Due to the uncertainties, the Huskies were picked 11th in the Pac-12 preseason media poll. 

“It doesn’t matter about preseason rankings,” Hopkins said. “We’re worried about postseason rankings. Where are we at the end of the year. Some guy had us 13th in a league of 12. I’ve never seen that before. That’s good. We talk about grit and having a chip on your shoulder, we got a bunch of guys like that and that’s really exciting.” 

Hopkins, who is in the third year of a six-year, $17.5 million deal, may also be coaching for his job. After this season, he’s guaranteed $9.3 million on a deal that expires in 2025. 

The embattled coach likens this group of Huskies to his Montlake arrival when he took over a team that was 9-22 the previous season and posted records of 21-13 and 27-9 respectively the next two years. 

“It’s so exciting,” Hopkins said. “Coaching anything is just really exciting because you got a group of guys and the newness is good too. You want to go out with guys that you can depend on. You want to go out with guys with a like mindset. That’s what it’s all about. It’s not where you start it’s where you finish.  

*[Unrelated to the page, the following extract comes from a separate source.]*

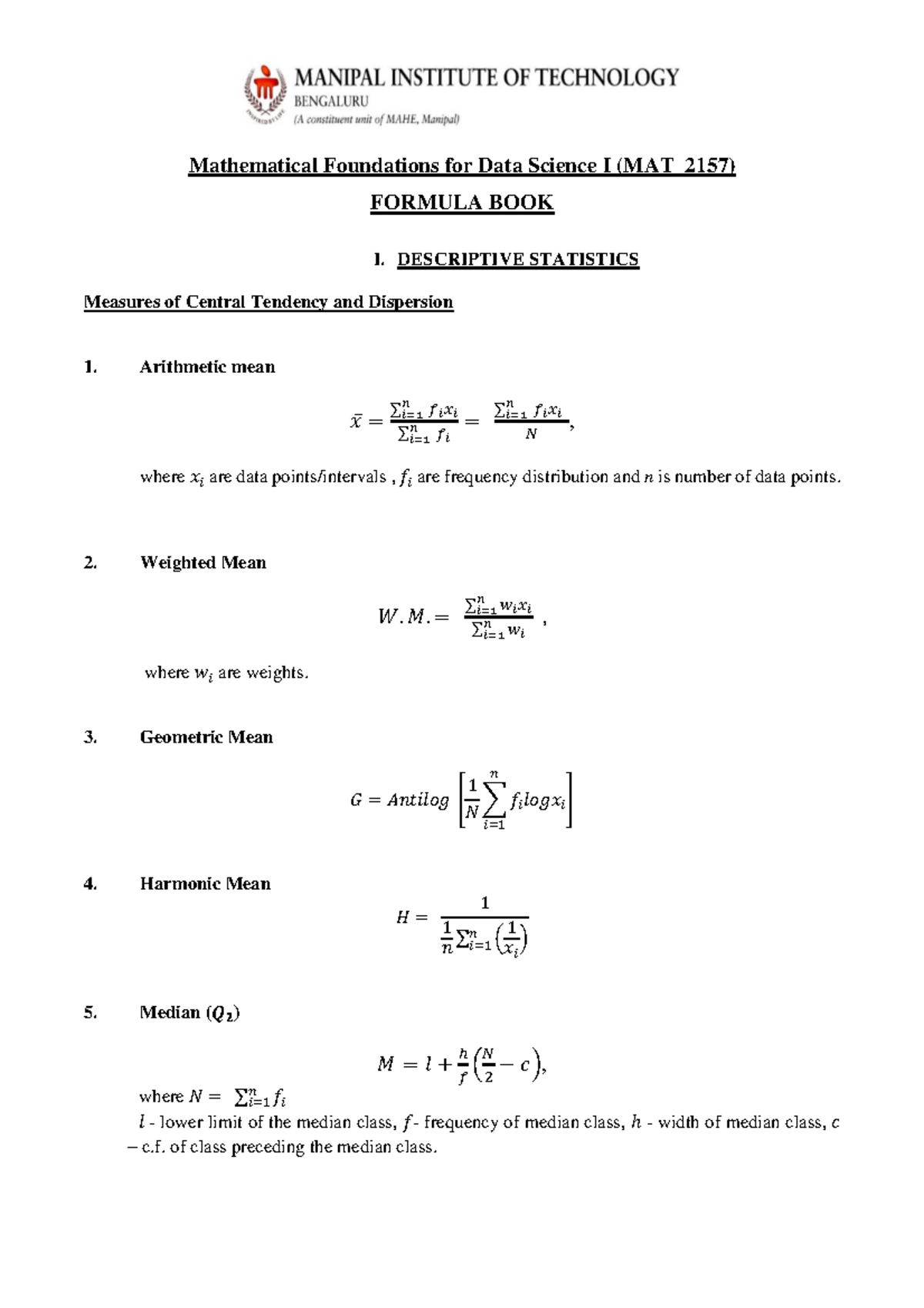 Final Formula Sheet MFDS I B.tech CSE(DS) - Mathematical Foundations ...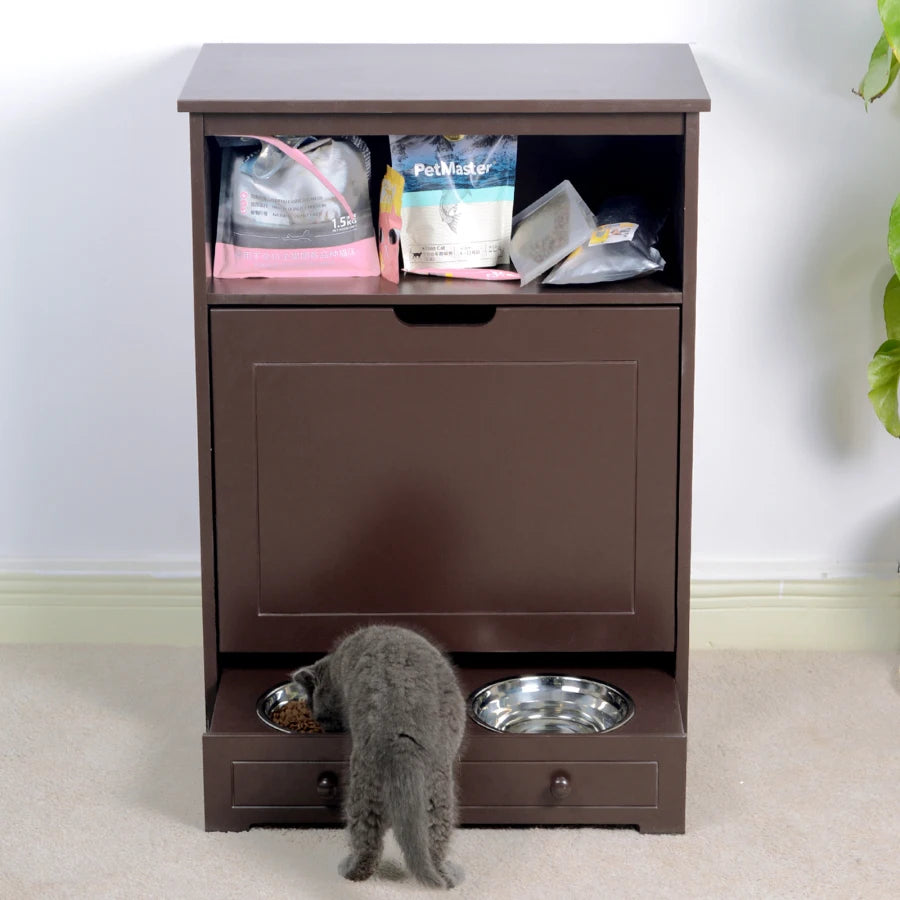 Pet Feeder Station with Storage Cabinet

“I remember our first year when we played Virginia Tech and we were teaching them and we lose by 36. It was like a firestorm and had to fly back from New York. We get back thinking the world is going to end and two weeks later we knocked off Kansas. That’s the thing about coaching, it’s a process. When you got guys that have experience, they have a tendency to have a higher learnability. It’s just exciting. That’s why you do it. You do it to see what you can pull out of these guys. So I can’t wait to get started tomorrow night and get to that first step.”